GIGAスクール構想の取り組み開始から5年ほど経過した現在。コロナ禍の影響もあって、端末とネットワークといったインフラの普及は高速で進んでおり、この令和6年度で小学校1年生から高校3年生までの全校で1人1台端末の整備が完了する。寺島氏は「世界を見渡しても、この規模で1人1台の環境が整備されている国は少ない」と説明した。
学校現場での活用率も順調に伸びている。寺島氏は、昨年度の全国学力・学習状況調査の質問紙調査の結果を示し、小学校では約65%、中学校でも60%以上の学校が「1人1台端末をはじめとしたICT機器を毎日授業で使っている」と回答したと明かした。また、端末を持ち帰って家庭で活用するケースも増加しており、多くの学校で、授業と家庭学習での日常的な端末利用が定着している。
GIGAスクール構想の効果は? 見えてきた課題も
では、ICTの環境整備と活用が進む中、その効果はどこに表れているのだろうか。令和5年の全国学力・学習状況調査の結果と、ICT活用の頻度を見比べても、「教科の平均得点との直接的な相関はあまり見られない」と寺島氏は述べる。
他方で「ICT機器の活用」と「主体的・対話的で深い学び」との関係に注目すると、一定の相関関係が見られる。主体的・対話的で深い学びの視点からの授業改善を行っている学校ほどICT機器を活用している傾向があるのだ。例えば「学習やグループで課題を設定し、その解決に向けて話し合い、まとめ、発表するなどの学習活動を行った」という質問に対して「よく行った」「どちらかといえば行った」と解答している学校は、PC・タブレットの使用頻度も高い。
そして、児童生徒への調査で主体的・対話的で深い学びを実践しているかを尋ねた質問では、「自分の考えがうまく伝わるよう、資料や文章、話の組立てなどを工夫して発表をしていた」という項目に「発表していた」「どちらかといえば発表していた」とポジティブな回答をしているほど、国語・算数の平均正答率が高くなることもわかった。また、主体的・対話的で深い学びを実現する授業を行っているほど、「学校へ行くのが楽しい」「自分と違う意見について考えるのは楽しい」と回答する児童生徒が多いことも示された。

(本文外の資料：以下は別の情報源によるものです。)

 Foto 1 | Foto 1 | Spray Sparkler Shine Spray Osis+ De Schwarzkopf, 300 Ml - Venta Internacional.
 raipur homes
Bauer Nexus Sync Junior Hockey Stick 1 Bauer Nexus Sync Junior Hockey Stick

このことから、寺島氏は「主体的対話的で深い学びは、指導要領が目指す『多様な主体と協働して自分の意見を形成する』によい影響を与えている。そのような授業を高いレベルで実現できるのがICT端末ではないか」と考察した。
しかし、ほぼ毎日活用すると解答した小中学校でも「児童生徒が自分の考えをまとめ、発表・表現する場面」「児童生徒同士がやり取りする場面」といった、主体的・対話的で深い学びに寄与する場面での活用は10%台にとどまる。寺島氏は、こうした場面での活用促進を「今後の課題」として指摘した。

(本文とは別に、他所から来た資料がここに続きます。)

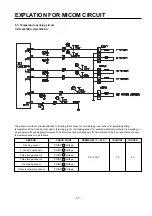 Предварительный просмотр 37 страницы LG GR-L208NN Service Manual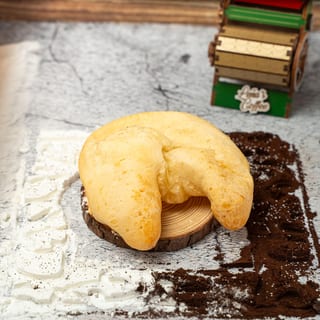 Pan de Yuca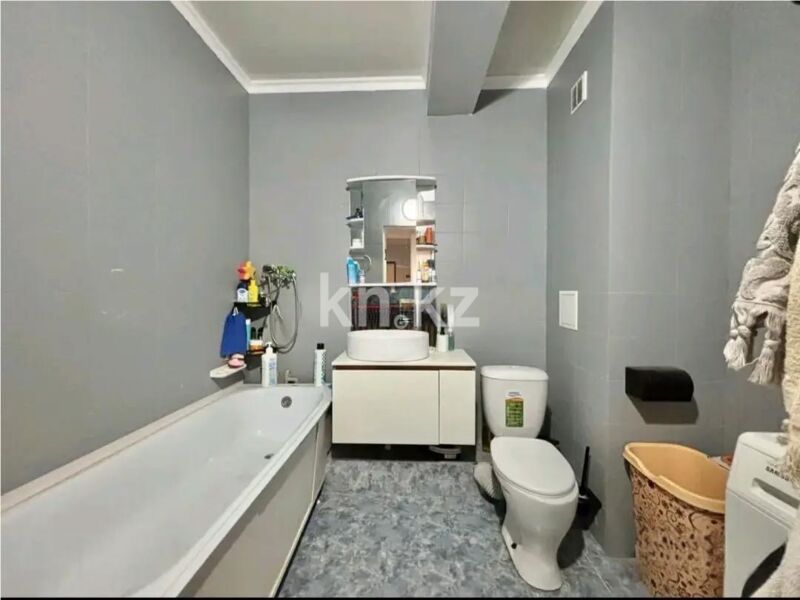 Продажа 3-комнатной квартиры, 78 м² - Продажа трехкомнатных квартир в Наурызбайском р-не Алматы - страница 14 фото 5 из 6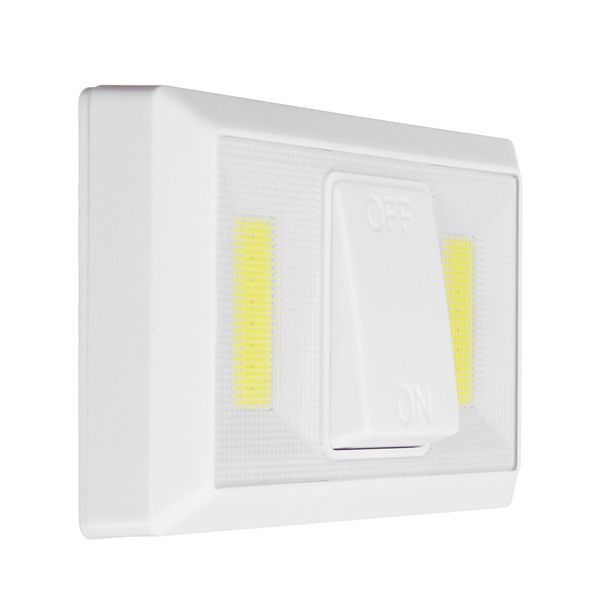 Battery-Operated-Wireless-COB-LED-Night-Light-Super-Bright-Switch-Lamp-for-Cabinet-Closet-Garage-1249362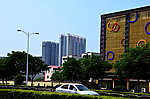 农运西村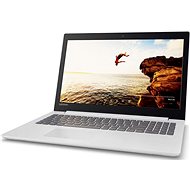 Lenovo IdeaPad 320-15IKBA Blizzard White - Laptop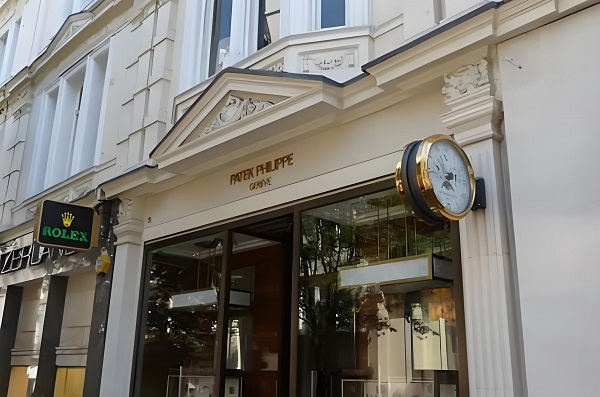 百达翡丽手表表蒙子坏了解决办法 百达翡丽手表表蒙子坏了解决办法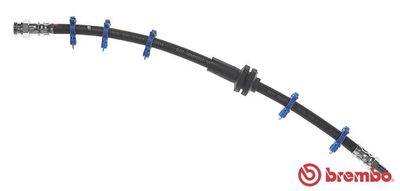 Brake Hose BREMBO T 23 126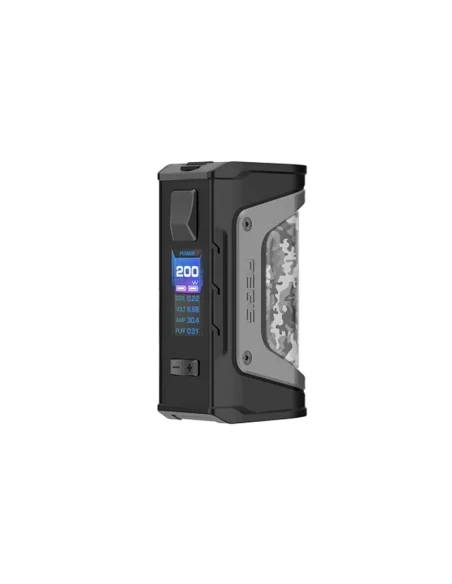 Box Aegis Legend - GeekVape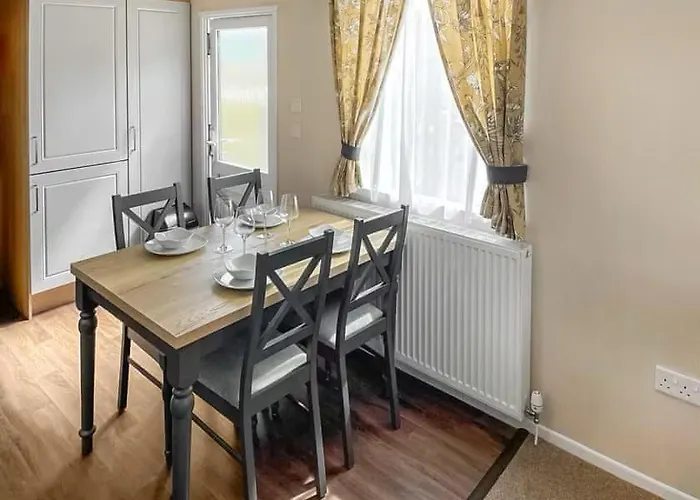 Bordeuax By The River Nidd N24 * Knaresborough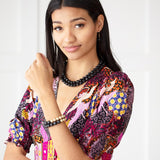 Greco Getaway - Black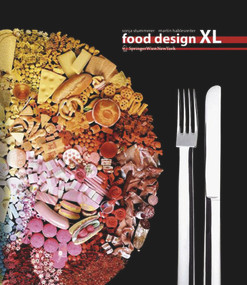 Food Design XL by Sonja Stummerer, Martin Hablesreiter, Honey and Bunny, 9783990433140
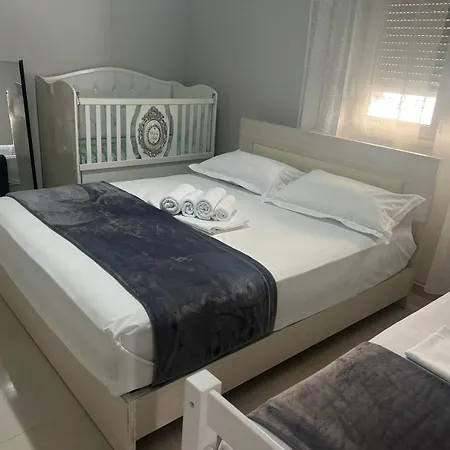 Twins Apartmán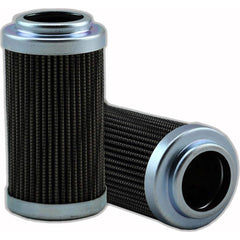 Main Filter - Filter Elements & Assemblies; Filter Type: Replacement/Interchange Hydraulic Filter ; Media Type: Wire Mesh ; OEM Cross Reference Number: WIX D41A60TAV ; Micron Rating: 60 - Exact Tool & Supply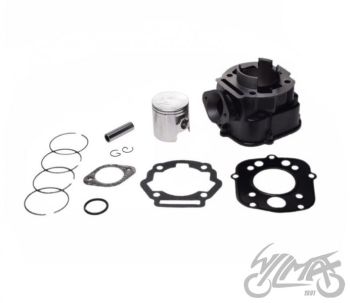 CYLINDER DERBI APRILIA 2006 70 CC LC EURO 2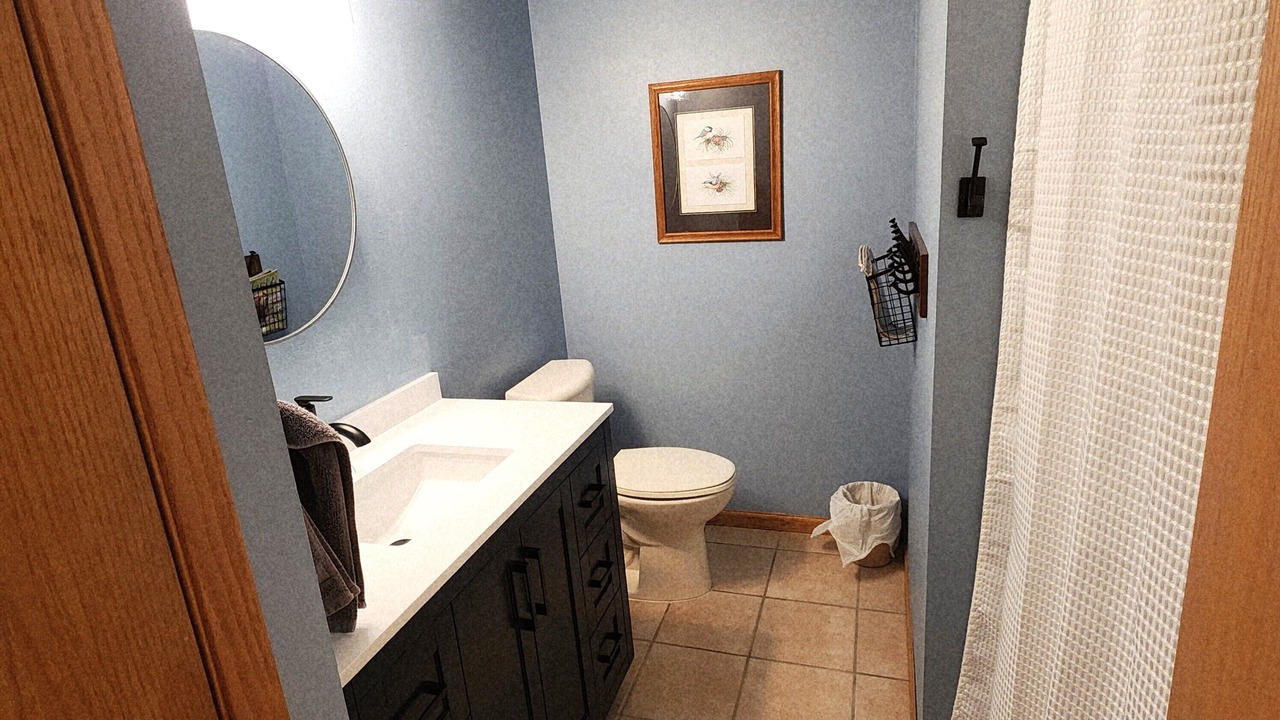 Photo of Bathroom in Alexandria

また、GIGAスクール構想の効果のひとつとして「PISA 2022」の結果を共有。PISAは高校1年生を対象に、知識や技能を実生活の課題にどの程度活用できるかを問うテストで、2015年より筆記型からコンピューター調査に移行した。「Excel」などソフトウェアを動かしながら答える問題も出題される。
PISA 2022の対象だった世代は、遅くとも中学生3年生のときから1人1台端末の環境で学んでいる。寺島氏は、日本の結果を「数学をはじめ、非常に良好だった」と評価し、「端末を使いこなせる世代だからこその結果では」と分析した。

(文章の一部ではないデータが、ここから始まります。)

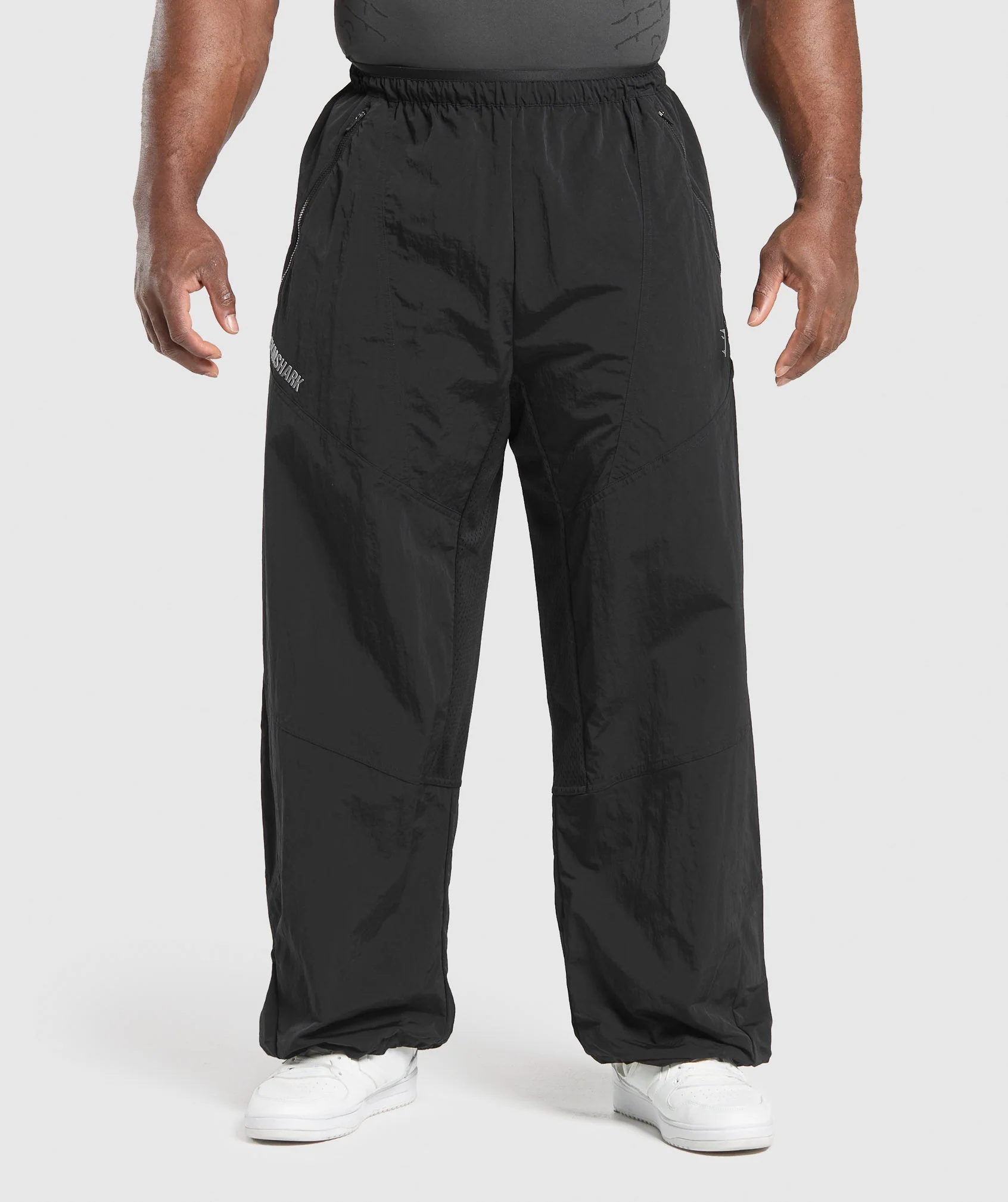 Parachute Pants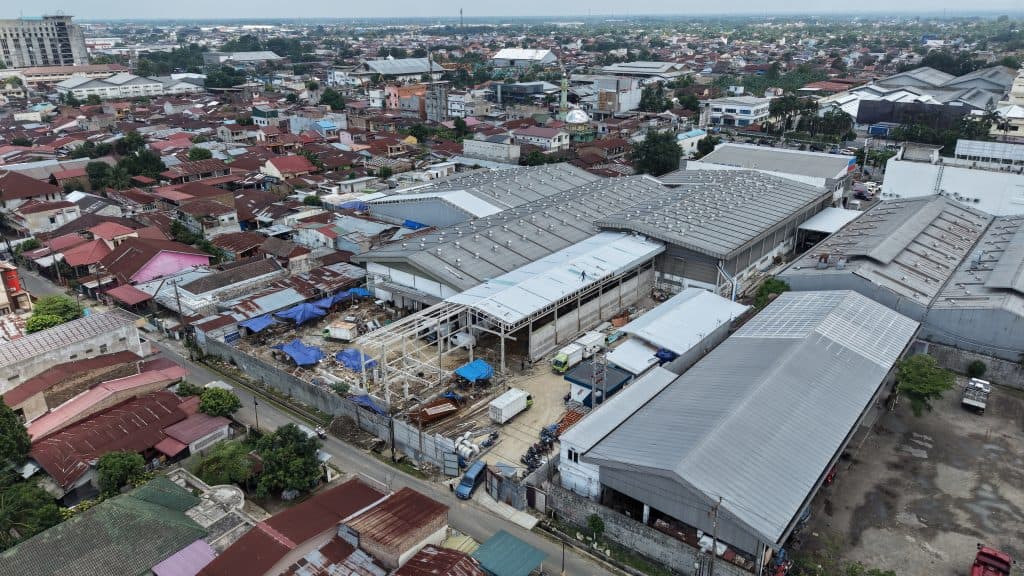 indogrosir medan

一方で、PISAのアンケート調査によって高校でもICT活用の場面に偏りがあることが判明した。教科ごとの活用頻度は、国語・数学・理科ともにOECD加盟国の平均を下回った。さらに、探究型教育における使用頻度についてはOECD加盟国で最下位の結果に。寺島氏は「数年すれば、小学校1年生から9年間1人1台端末の環境で育ってきた生徒が高校に入ってくる。そのときに高校の授業がこのままではまずいという問題意識を持っている」と課題を語った。